Ajay Dubey, a conservationist who works with the organization Prayatna, thinks that tiger tourism as currently practiced in India has been a threat to the big cats. Panthera’s Mr. Gubbi notes that many tourism operations practice “unethical safari practices.” In some tiger reserves, lodges have been built in key habitats, and the cats are stressed by large numbers of jeeps crowding them. Mr. Dubey recently took the Indian government to court to spur improvements in how tiger tourism is managed in the country. This lawsuit has divided many people on both sides of the argument, whether the final ruling, which came out in October, will improve the situation.
One point that everyone on both sides of the argument agrees to is that these animals face a serious situation. Most estimates are that fewer than 4,000 tigers remain in the wild across Asia, with about 1,700 surviving in India.

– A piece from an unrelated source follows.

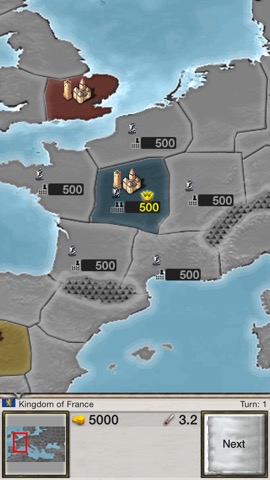 Age of Conquest: Europeのおすすめ画像3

Those numbers mean a more than 90 percent drop over the past century and are why they are currently listed as endangered by the IUCN’s Red List. The main reason for this drop however, is not tourism but poaching. These cats’ skins and body parts can bring thousands of dollars on the black market.
I have spent most of the past decade working on improving how tourism benefits the efforts to protect endangered sea turtles. While these two animals and their conservation methods are very different, many of the same principles apply. For tourism to work, it must be done in a way that minimizes damage to key habitat, prevents unnecessary stress on the animals and generates concrete benefits to both conservation programs and nearby communities.

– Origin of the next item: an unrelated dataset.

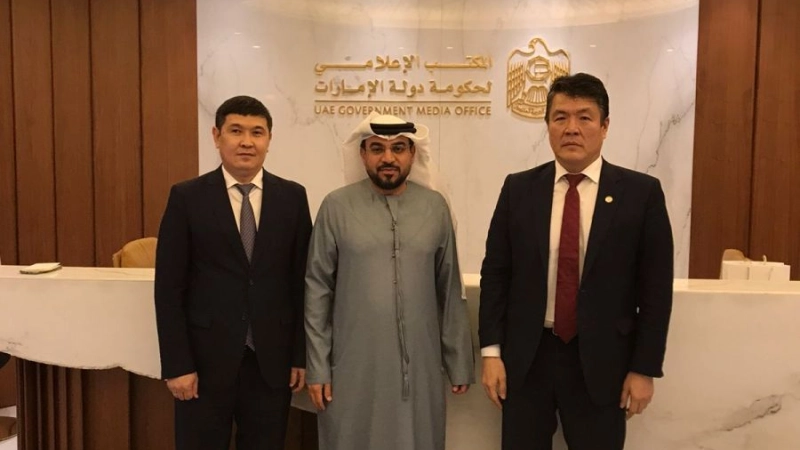 IMPORTANT WORKING MEETINGS WITHIN IOFS’S VISIT TO UAE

The recent ruling by the Indian Supreme Court on Prayatna’s lawsuit has the potential to improve how tourism is managed in the country. Unfortunately, people on both sides of the argument were disappointed in the lack of strong regulations to protect tigers in the decision. Julian Matthews of Travel Operators for Tigers stated that, “Sadly there is nothing in these guidelines that gives anyone… a legal ‘road map’ as to how they (the forests) can be restored.” The primary responsibility for ending the construction of infrastructure is now in the hands of the state governments, which have been given six months to develop new tourism and conservation guidelines.
Tour operators have a strong responsibility to advocate not only for regulations that will allow their businesses to grow but also to make compromises that keep the best interests of the tigers in mind. If real changes aren’t made to both improve tourism management and reduce poaching, tourism businesses and local communities will suffer alongside these charismatic animals.